§ GIVEN RECORDS:
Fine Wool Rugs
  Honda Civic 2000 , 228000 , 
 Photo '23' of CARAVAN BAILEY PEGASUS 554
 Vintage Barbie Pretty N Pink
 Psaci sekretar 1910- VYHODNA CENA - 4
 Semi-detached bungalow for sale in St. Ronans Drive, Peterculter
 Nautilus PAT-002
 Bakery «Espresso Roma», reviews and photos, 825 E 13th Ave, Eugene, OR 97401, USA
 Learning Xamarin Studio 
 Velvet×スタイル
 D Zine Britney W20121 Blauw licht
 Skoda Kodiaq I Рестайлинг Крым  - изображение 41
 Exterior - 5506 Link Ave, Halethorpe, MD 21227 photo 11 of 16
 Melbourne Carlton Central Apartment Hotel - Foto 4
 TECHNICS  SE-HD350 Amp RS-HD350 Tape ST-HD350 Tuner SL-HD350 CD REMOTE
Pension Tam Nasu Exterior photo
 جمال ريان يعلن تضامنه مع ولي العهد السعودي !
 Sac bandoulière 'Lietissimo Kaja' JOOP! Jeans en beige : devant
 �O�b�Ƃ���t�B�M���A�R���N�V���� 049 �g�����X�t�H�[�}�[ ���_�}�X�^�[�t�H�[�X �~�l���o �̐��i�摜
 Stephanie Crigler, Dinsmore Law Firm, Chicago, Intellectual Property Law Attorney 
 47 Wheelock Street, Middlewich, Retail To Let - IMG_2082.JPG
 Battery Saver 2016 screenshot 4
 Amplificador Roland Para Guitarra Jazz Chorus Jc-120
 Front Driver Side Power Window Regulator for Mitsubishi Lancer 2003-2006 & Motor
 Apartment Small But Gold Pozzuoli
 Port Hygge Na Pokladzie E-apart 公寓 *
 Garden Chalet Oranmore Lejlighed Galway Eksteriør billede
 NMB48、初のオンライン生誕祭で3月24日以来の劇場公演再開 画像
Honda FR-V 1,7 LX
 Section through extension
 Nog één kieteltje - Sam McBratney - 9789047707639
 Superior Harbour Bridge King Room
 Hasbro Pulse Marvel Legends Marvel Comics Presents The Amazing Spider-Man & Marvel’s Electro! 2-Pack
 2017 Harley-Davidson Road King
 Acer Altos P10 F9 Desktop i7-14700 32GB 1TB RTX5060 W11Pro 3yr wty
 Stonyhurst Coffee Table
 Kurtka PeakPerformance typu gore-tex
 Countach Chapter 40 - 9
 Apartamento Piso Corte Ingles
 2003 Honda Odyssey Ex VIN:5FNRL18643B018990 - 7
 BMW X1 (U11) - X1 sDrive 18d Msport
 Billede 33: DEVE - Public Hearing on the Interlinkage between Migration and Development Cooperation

§ TASK: Out of the listing above, reproduce exactly the lines from the one with "Apartment Small But Gold Pozzuoli" up to and including the one with "Apartamento Piso Corte Ingles".

§ SOLUTION:
 Apartment Small But Gold Pozzuoli
 Port Hygge Na Pokladzie E-apart 公寓 *
 Garden Chalet Oranmore Lejlighed Galway Eksteriør billede
 NMB48、初のオンライン生誕祭で3月24日以来の劇場公演再開 画像
Honda FR-V 1,7 LX
 Section through extension
 Nog één kieteltje - Sam McBratney - 9789047707639
 Superior Harbour Bridge King Room
 Hasbro Pulse Marvel Legends Marvel Comics Presents The Amazing Spider-Man & Marvel’s Electro! 2-Pack
 2017 Harley-Davidson Road King
 Acer Altos P10 F9 Desktop i7-14700 32GB 1TB RTX5060 W11Pro 3yr wty
 Stonyhurst Coffee Table
 Kurtka PeakPerformance typu gore-tex
 Countach Chapter 40 - 9
 Apartamento Piso Corte Ingles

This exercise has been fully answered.